───── Record excerpts

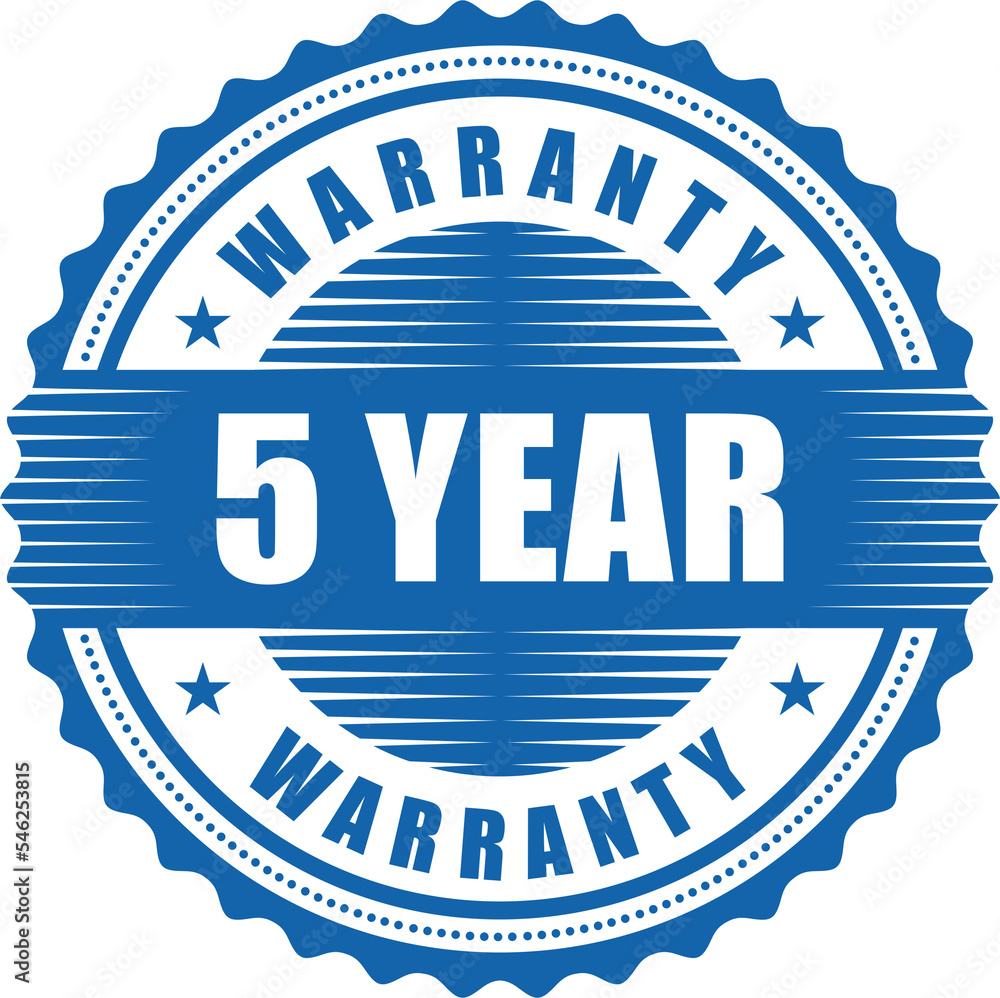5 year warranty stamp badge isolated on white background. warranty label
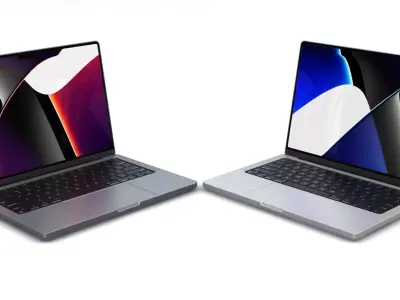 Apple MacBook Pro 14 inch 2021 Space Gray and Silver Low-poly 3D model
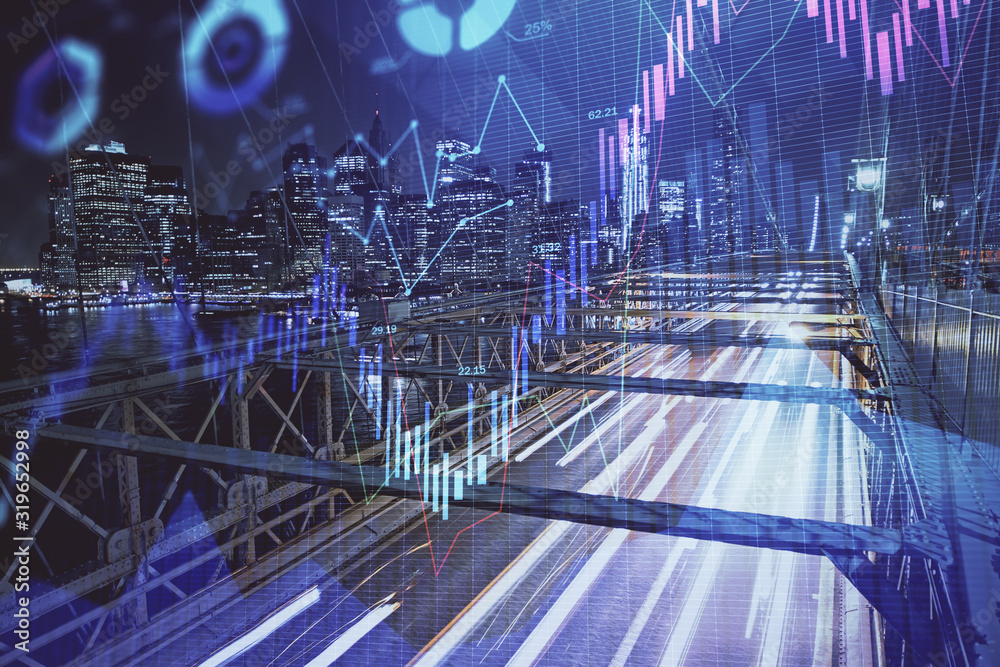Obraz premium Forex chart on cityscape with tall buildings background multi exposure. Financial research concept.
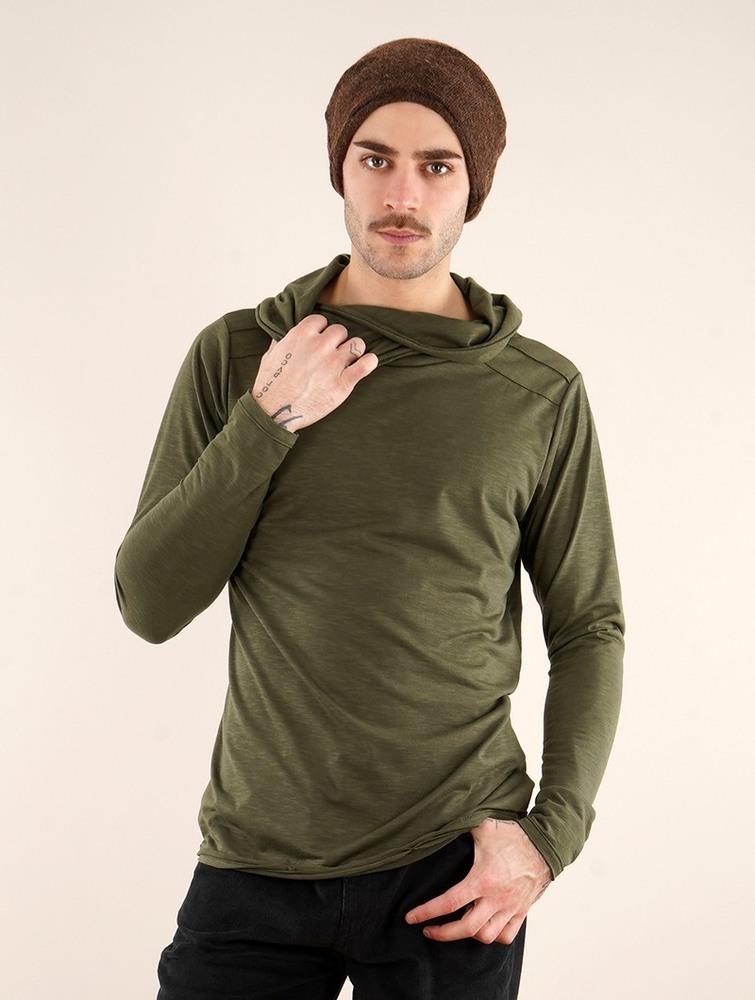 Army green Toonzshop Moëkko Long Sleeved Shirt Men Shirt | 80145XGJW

──────────
───── Record excerpts

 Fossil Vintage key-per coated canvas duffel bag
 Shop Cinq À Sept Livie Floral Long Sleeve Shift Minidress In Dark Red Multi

──────────
───── Record excerpts

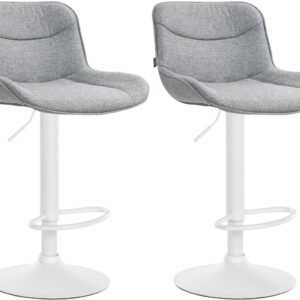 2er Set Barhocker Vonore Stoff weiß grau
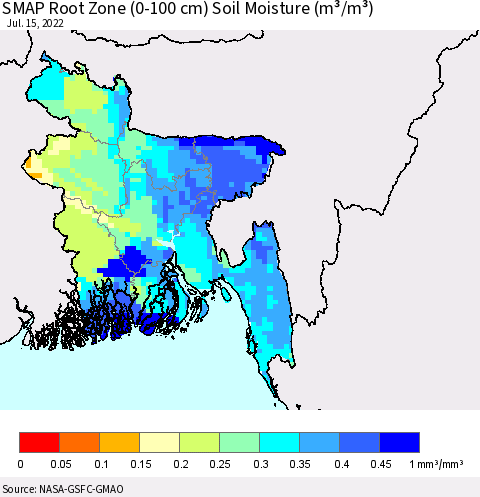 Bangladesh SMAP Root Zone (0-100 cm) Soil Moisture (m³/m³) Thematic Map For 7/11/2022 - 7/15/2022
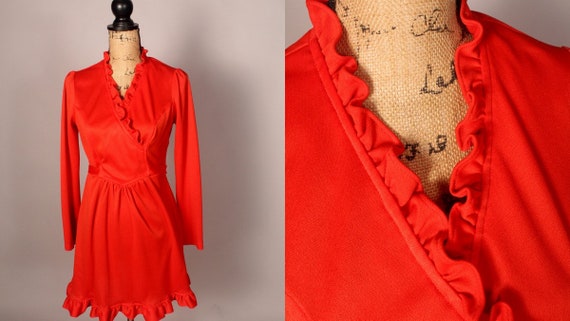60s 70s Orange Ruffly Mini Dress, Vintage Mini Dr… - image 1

──────────

Aim of the exercise:
From the records above, quote only the lines running from the line with "Fossil Vintage key-per" to the line with "Shop Cinq À", both lines included.

Exercise solution:
 Fossil Vintage key-per coated canvas duffel bag
 Shop Cinq À Sept Livie Floral Long Sleeve Shift Minidress In Dark Red Multi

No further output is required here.